O Exército erguia-se em solidariedade ao ministro Henrique Teixeira Lott, demitido na véspera mas horas depois outra vez instalado em seu gabinete pela totalidade dos demais generais e altos oficiais. Levantava-se o país armado para evitar o golpe engendrado pelo presidente interino da República, Carlos Luz, apoiado pela Marinha e a Aeronáutica, empenhados em não dar posse ao presidente eleito, Juscelino Kubitschek. Em nome da legalidade e para assegurar o regime democrático e a Constituição, o general Lott aceitara chefiar a rebelião. Um golpe para evitar outro golpe, ironicamente batizado de Movimento de Retorno aos Quadros Constitucionais Vigentes. A agressão à semântica tinha sido o único erro do Exército, porque como retornar ao que não era mais vigente?
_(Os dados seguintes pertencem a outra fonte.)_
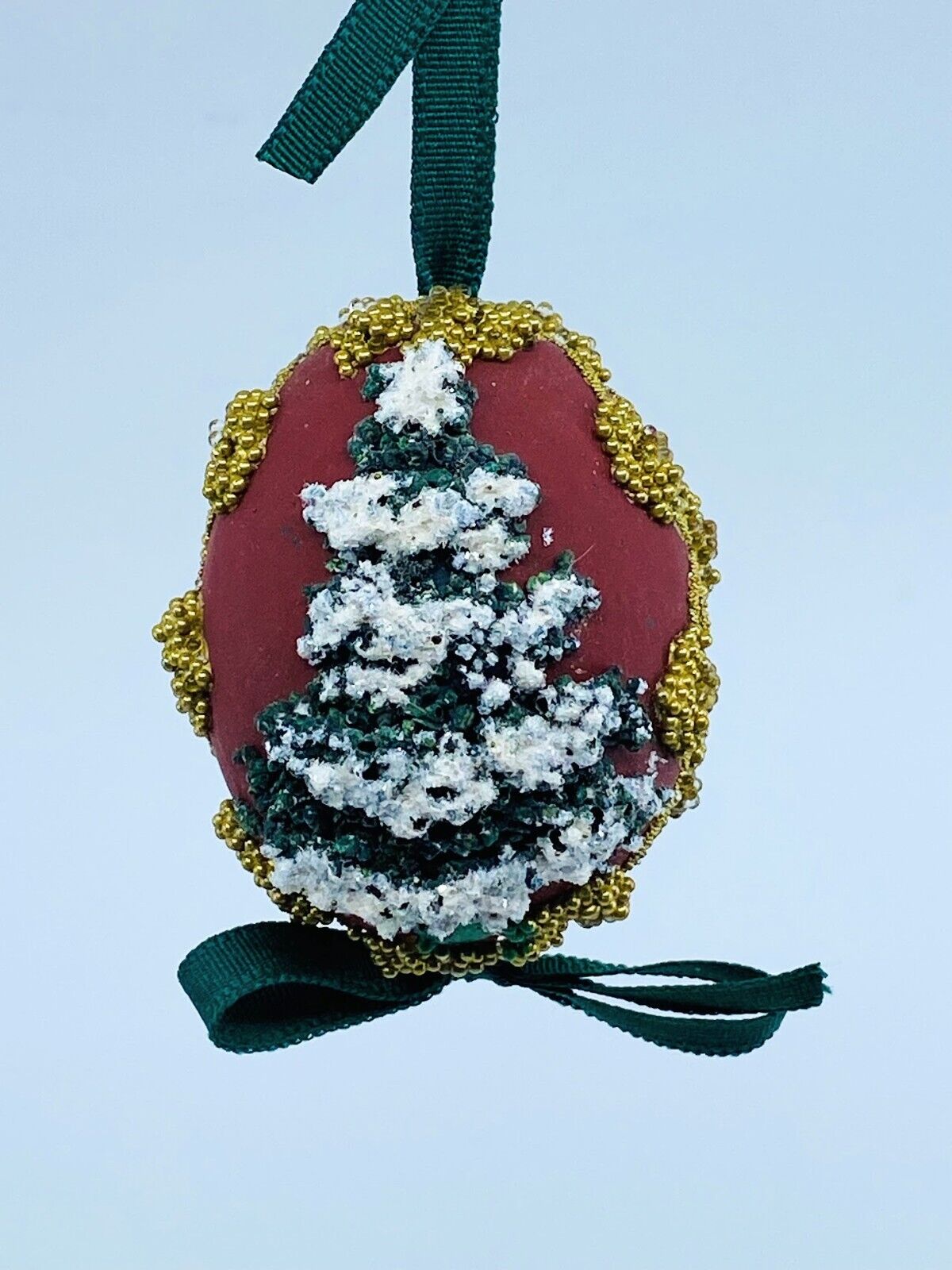 Sparkling Christmas Tree, Burgundy Egg Ornament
Saiba mais sobre o 11 de Novembro
 Enquanto o sol nascia, o presidente derrotado e mais uns poucos ministros e conspiradores conseguiram embarcar no cruzador “Tamandaré”, rompendo a linha de defesa das fortalezas do Exército, na entrada da baía da Guanabara. Diz a crônica que general Lott mandara bombardear e afundar o navio rebelado. Como estávamos no Brasil, as fortalezas atiravam, o estrondo era grande, mas nenhuma bala acertou. Brasileiros matando brasileiros? De jeito nenhum.
O navio seguiu para o Sul, mas precisou voltar, pois nenhuma adesão foi conquistada. O Exército dominava o litoral e o interior. O Congresso encontrou outro presidente interino, no caso Nereu Ramos. Juscelino Kubitschek tomou posse, dias depois, mantendo o general Henrique Lott como ministro da Guerra. Estava salva a Legalidade, pelo menos até 1964. Ainda hoje ressoam os estampidos dos poderosos canhões das fortalezas. Merecem medalhas os bravos artilheiros que, de propósito, erraram o “Tamandaré”. Da mesma forma os marinheiros que não responderam ao fogo amigo. Felizmente, os canhões não falaram.